AFAIK the fact of TOR usage is rather easy to detect. AFAIK (from some news here on HN) you can get SWATed and arrested for a mere suspicion (e.g a false positive by an automated traffic analysis system) of using an end-to-end encrypting messenger or even Twitter in Turkey. I doubt it is legal and safe to use TOR in such countries. We need something that is harder to detect on the client ISP side.
> AFAIK the fact of TOR usage is rater easy to detect.

That's why I said: "Then use meek-amazon as a pluggable transport which should work." meek-amazon makes your traffic look like you're talking to:

> url=https://d2cly7j4zqgua7.cloudfront.net/ front=a0.awsstatic.com

With the snowflake pluggable transport (only available with Linux and Mac alphas for now) the traffic looks like WebRTC.

You can read more about them here:

https://trac.torproject.org/projects/tor/wiki/doc/meek

https://trac.torproject.org/projects/tor/wiki/doc/Snowflake

> "We need something that is harder to detect on the client ISP side."

That's what Telex[1][2] is designed to do. Too bad the project seems to have stalled.

[1] https://telex.cc

[2] https://en.wikipedia.org/wiki/Telex_(anti-censorship_system)
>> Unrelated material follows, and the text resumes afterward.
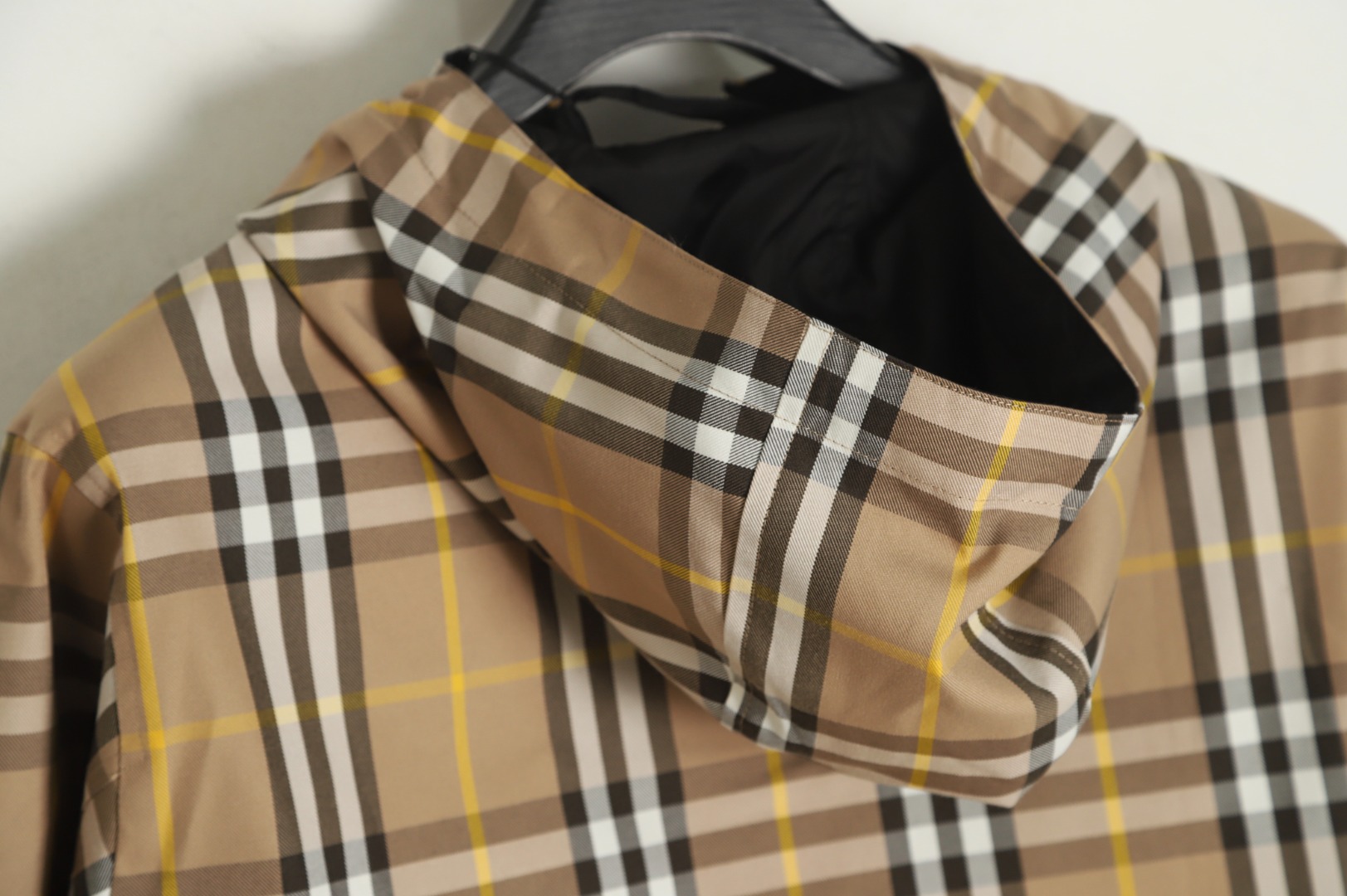 370 Burberry 22FW 松露色格子连帽夹克外套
it is by no means foolproof and won't get around a deep packet inspection/flow analysis system, but this is why obfsproxy exists:

https://www.google.com/search?q=obfsproxy+tor&ie=utf-8&oe=ut...

But be sure not to use the default bundled obfs4 bridges, they're known.
> ... should work

If it doesn't, people could get arrested and worse. Is this advice reliable enough for that level of risk?

By "should work" I meant that the Tor client would bootstrap and you would be able to use it.